Teen apparel retailer American Eagle Outfitters (NYSE:AEO) continues its strong run post solid Q4 results, with the stock touching a 52-week high Monday. Apart from a strong line-up for the spring quarter and good acceptance in key categories including denim, wovens, tees and shorts, American Eagle’s newly appointed CEO, Robert Hanson, is finding a liking among investors.
Considering American Eagle’s better inventory management, lower markdowns and strong sales in this quarter, we believe 2012 can be a turnaround year for the company. American Eagle competes with other teen specialty retailers such as Abercrombie & Fitch (NYSE:ANF), Aeropostale (NYSE:ARO) and Gap Inc. (NYSE:GPS).

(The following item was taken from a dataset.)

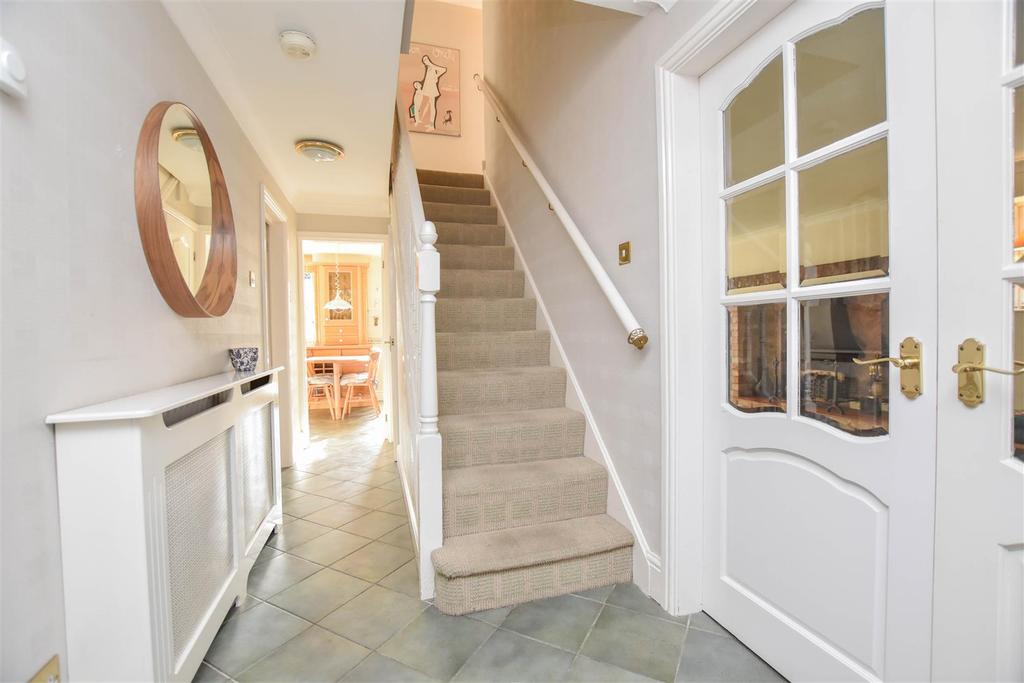 Nethergate, Clifton Village, Nottingham 5 bed detached house for sale £465,000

2012 – a potential turnaround year for American Eagle Outfitters
This year has started on a positive note for American Eagle Outfitters. While a 35% reduction in inventories was the primary catalyst behind the growth after Q4 FY11 earnings, solid sales in February and good traction in key apparel categories have carried forward this positive momentum.
Additionally, the appointment of new CEO Robert Hanson is also boding well with the market expectations. Hanson has been instrumental in American Eagle’s successful spring endeavors, and the market expects this trend to continue.
We also expect the company to start benefiting from declining cotton prices starting this quarter, which should improve American Eagle’s margins, going ahead.